Yeo said in a statement that he chose this “ambiguous natural green background, as if he might be emerging from one of the many habitats he has captured on film during his career.”
“It was a tremendous honour to be elected a fellow of the Royal Society over 40 years ago and that my portrait has now been painted by such a master as Jonathan Yeo for the Society’s extensive and important collection is extraordinary indeed,” Attenborough said in a statement.
The portrait was unveiled in a private ceremony with Attenborough and Royal Society president Sir Adrian Smith on June 25, and then on the BBC through a studio interview with the artist.
The prominent portrait artist has built a long reputation for painting royal figures and other notable celebrities, including Queen Camila, Prince Philip, former prime minister Tony Blair, Rupert Murdoch, and Damien Hirst.
Members of the public interested in seeing the painting of Attenborough will be able to view it at the Royal Society starting on July 2 as part of the national science academy’s summer science exhibition.

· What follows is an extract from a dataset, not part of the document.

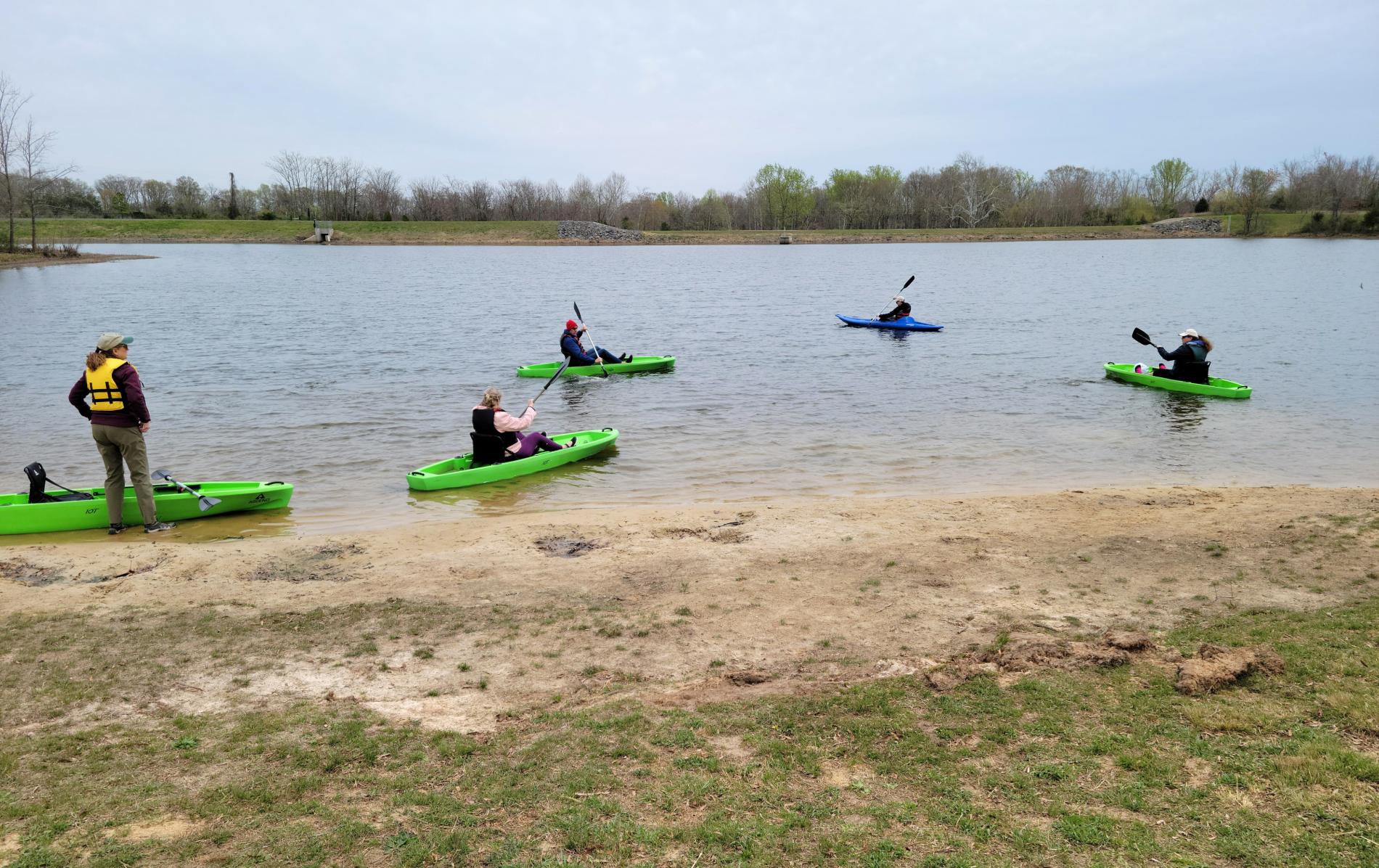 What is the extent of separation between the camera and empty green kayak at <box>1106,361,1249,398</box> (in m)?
19.4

Yeo recently made headlines for his official portrait of King Charles III, which was widely panned. The seven-and-a half-foot-tall painting portrays the monarch in the uniform of the Welsh Guards, holding a sword in his hand and directly facing the viewer. Most of the painting, except for the King’s pensive face and hands, are detailed in an array of mottled reds and pinks. There is a monarch butterfly above the King’s left shoulder.
Writer Danielle Cohen suggested in the Cut that “Charles’s face is like a disembodied specter of death floating between violent brushstrokes.” Opinions on social media were even more blunt, with some saying that the work seemed to represent the “Archdemon of Hell” or Satan, or that Charles was “bathing in blood” or “surrounded by the spilled blood of the British Empire.”